§ YOUR INSTRUCTIONS:
In the answer, transcribe exactly the lines from the beginning of the material through the line holding "2025 Porsche Taycan 4S", and skip every picture.

§ PROVIDED DATA:
-=-=-=-=-
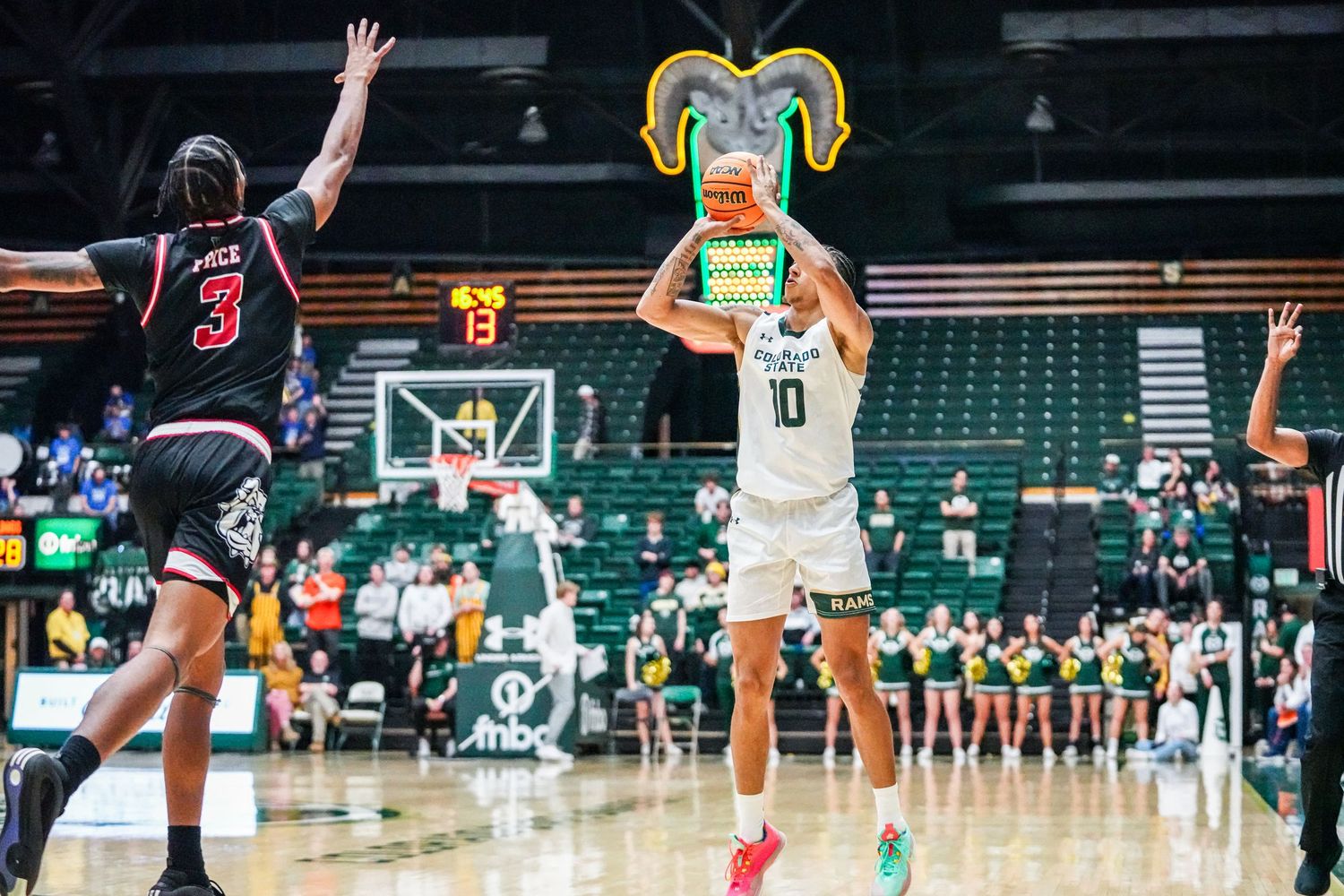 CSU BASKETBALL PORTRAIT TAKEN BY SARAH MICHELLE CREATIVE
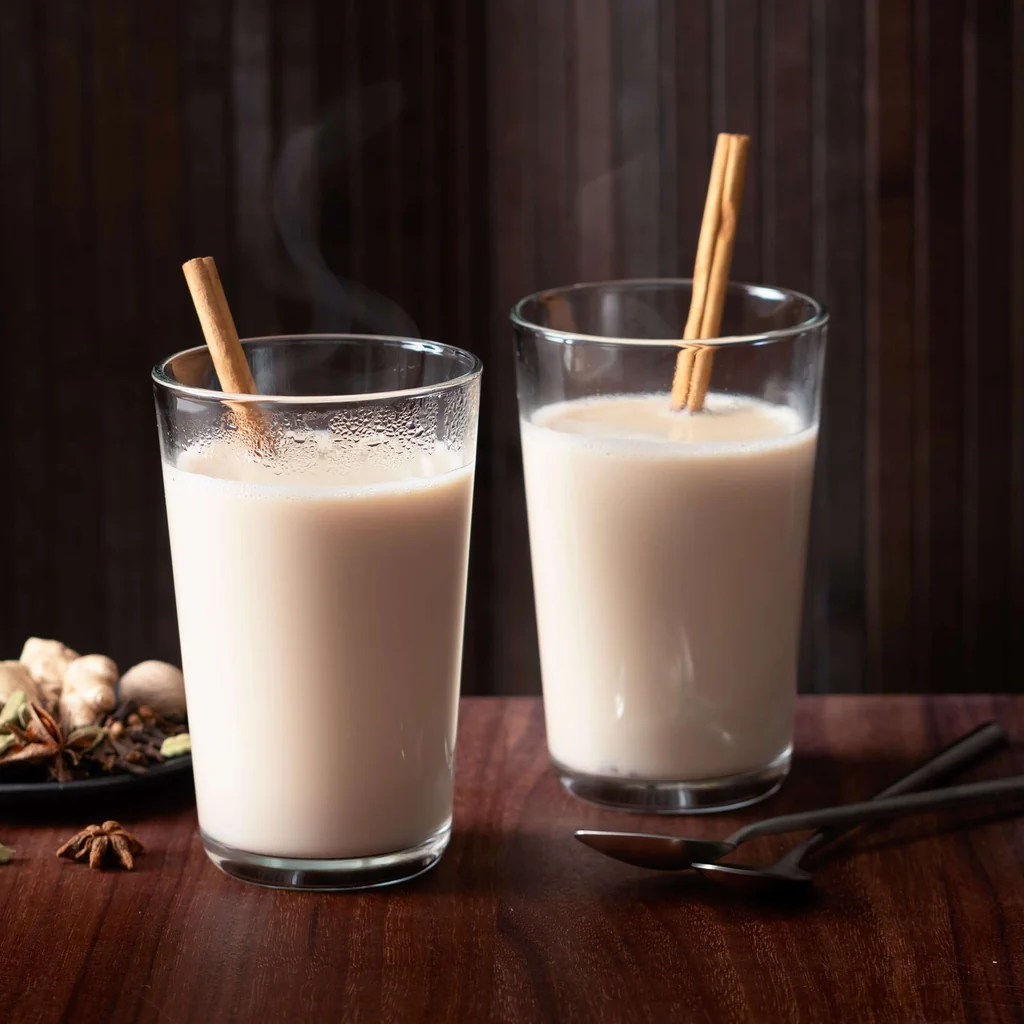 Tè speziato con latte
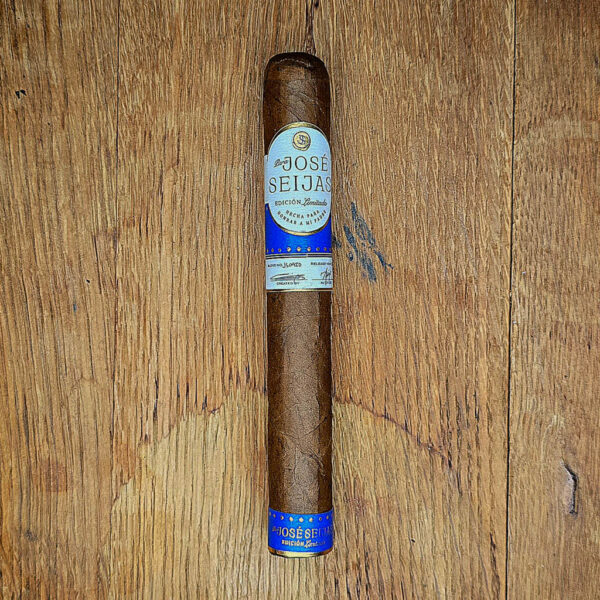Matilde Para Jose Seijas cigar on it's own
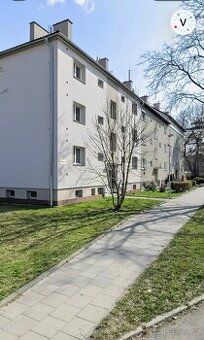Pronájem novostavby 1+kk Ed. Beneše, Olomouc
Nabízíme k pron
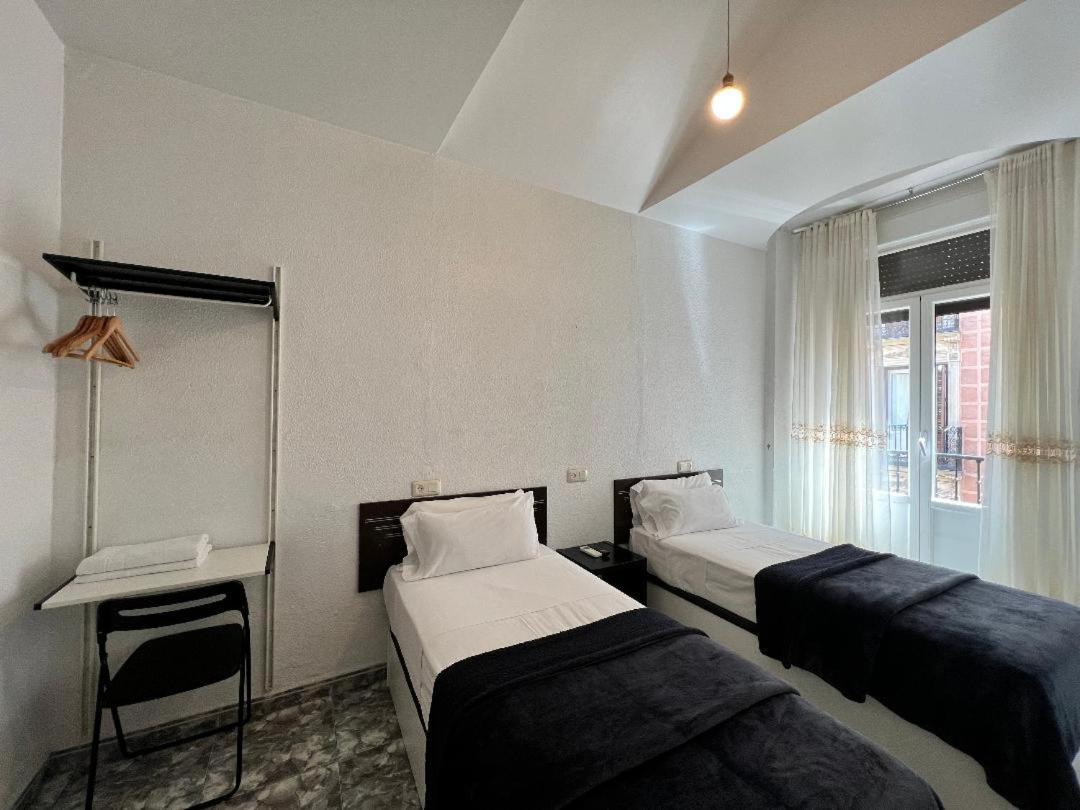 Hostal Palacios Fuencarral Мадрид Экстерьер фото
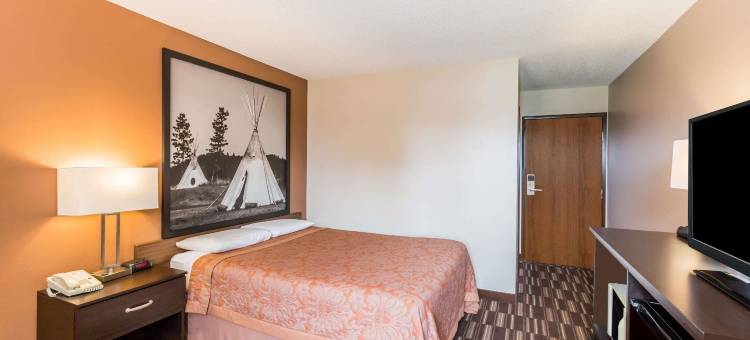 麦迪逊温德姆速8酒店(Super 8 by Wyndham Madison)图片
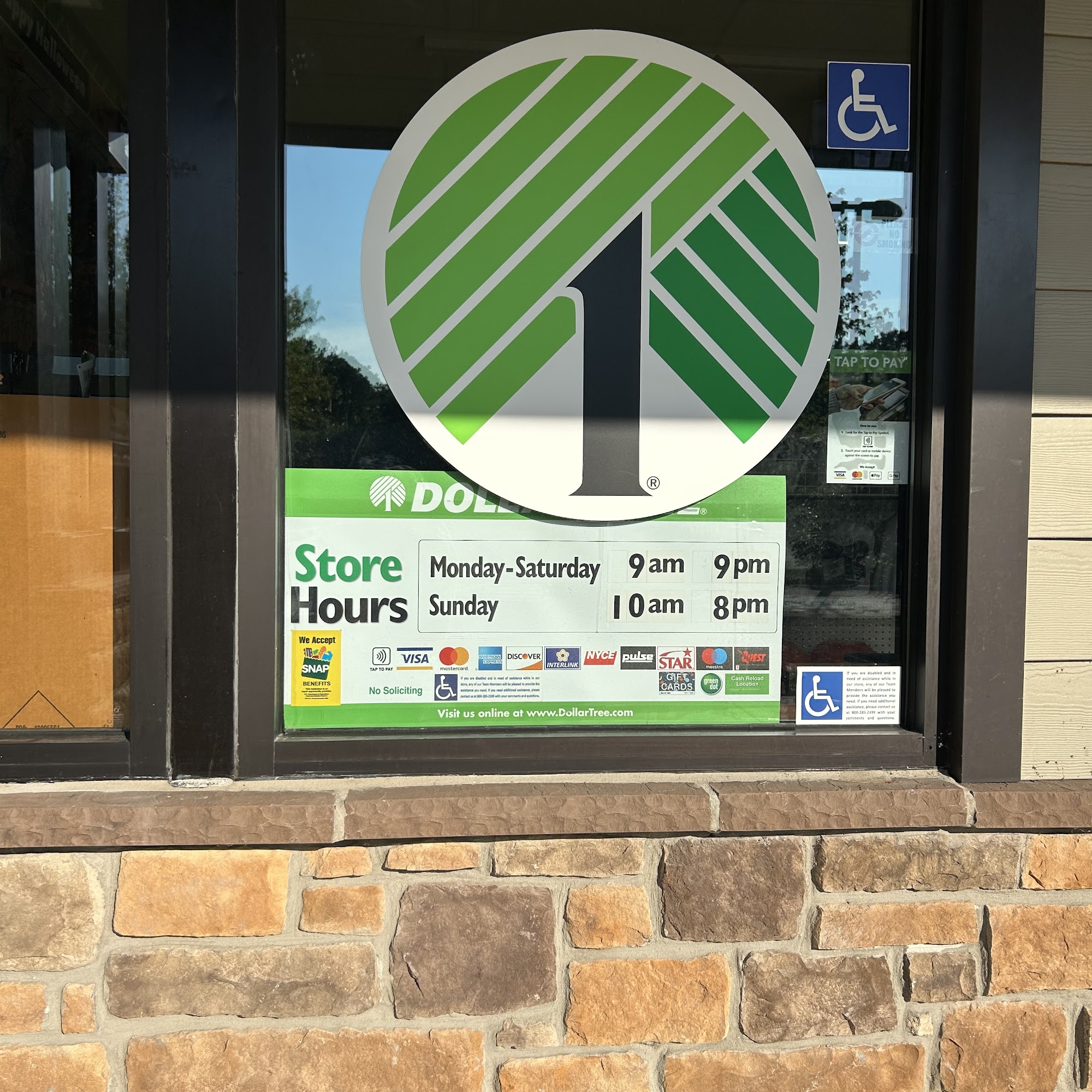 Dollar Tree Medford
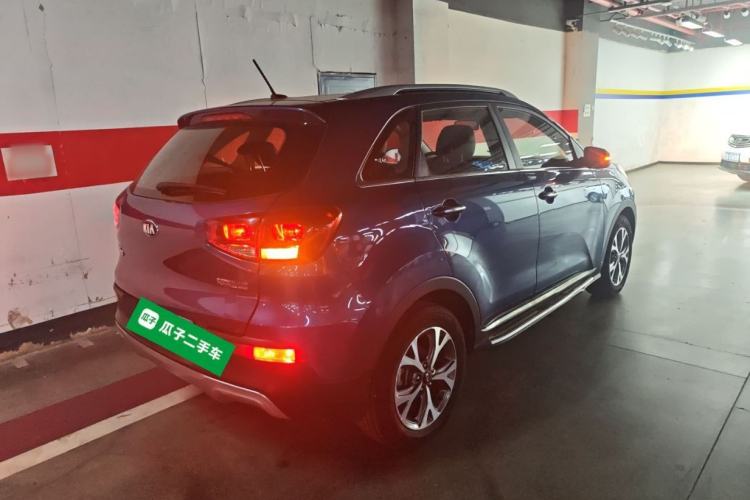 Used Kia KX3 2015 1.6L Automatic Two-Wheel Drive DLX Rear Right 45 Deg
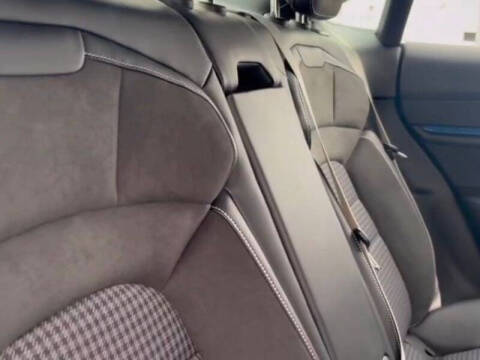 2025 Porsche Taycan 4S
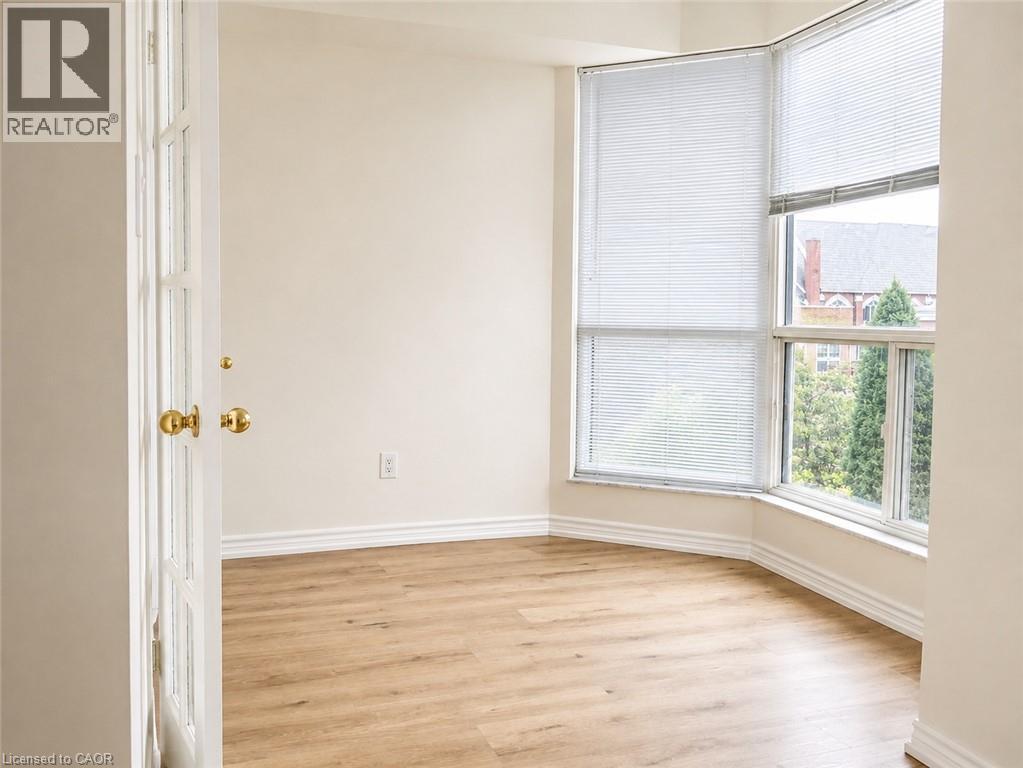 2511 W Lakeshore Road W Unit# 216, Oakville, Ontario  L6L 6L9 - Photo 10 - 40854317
-=-=-=-=-
§ EXPECTED ANSWER:
 CSU BASKETBALL PORTRAIT TAKEN BY SARAH MICHELLE CREATIVE
 Tè speziato con latte
Matilde Para Jose Seijas cigar on it's own
Pronájem novostavby 1+kk Ed. Beneše, Olomouc
Nabízíme k pron
 Hostal Palacios Fuencarral Мадрид Экстерьер фото
 麦迪逊温德姆速8酒店(Super 8 by Wyndham Madison)图片
 Dollar Tree Medford
 Used Kia KX3 2015 1.6L Automatic Two-Wheel Drive DLX Rear Right 45 Deg
 2025 Porsche Taycan 4S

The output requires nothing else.